### Prompt
Of the entries below, return only those lines from the line with "Příborník 60 x" to the line with "- BBH-0002-BLUE-PAINT Электромобиль", exactly, both included.

-------- Provided entries

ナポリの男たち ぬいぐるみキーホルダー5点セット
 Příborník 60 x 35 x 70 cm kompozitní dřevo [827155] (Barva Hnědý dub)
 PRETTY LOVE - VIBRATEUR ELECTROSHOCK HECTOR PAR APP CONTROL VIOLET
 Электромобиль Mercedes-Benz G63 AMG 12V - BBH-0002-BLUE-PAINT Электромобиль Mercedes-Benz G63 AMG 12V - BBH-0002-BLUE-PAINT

----------------
-------- Provided entries

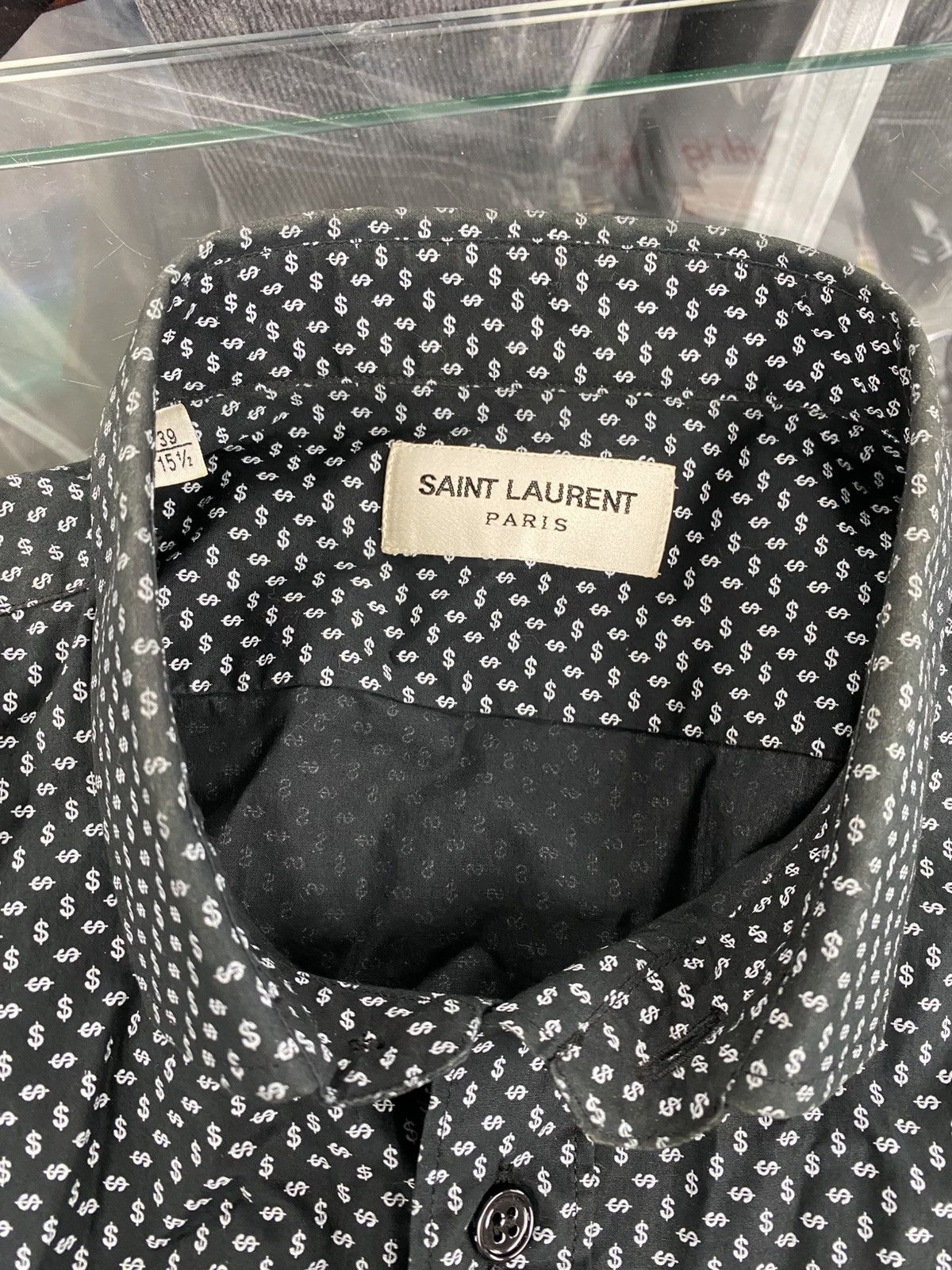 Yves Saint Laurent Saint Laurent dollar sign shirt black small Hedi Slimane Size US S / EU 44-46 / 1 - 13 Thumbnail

----------------

### Written response
 Příborník 60 x 35 x 70 cm kompozitní dřevo [827155] (Barva Hnědý dub)
 PRETTY LOVE - VIBRATEUR ELECTROSHOCK HECTOR PAR APP CONTROL VIOLET
 Электромобиль Mercedes-Benz G63 AMG 12V - BBH-0002-BLUE-PAINT Электромобиль Mercedes-Benz G63 AMG 12V - BBH-0002-BLUE-PAINT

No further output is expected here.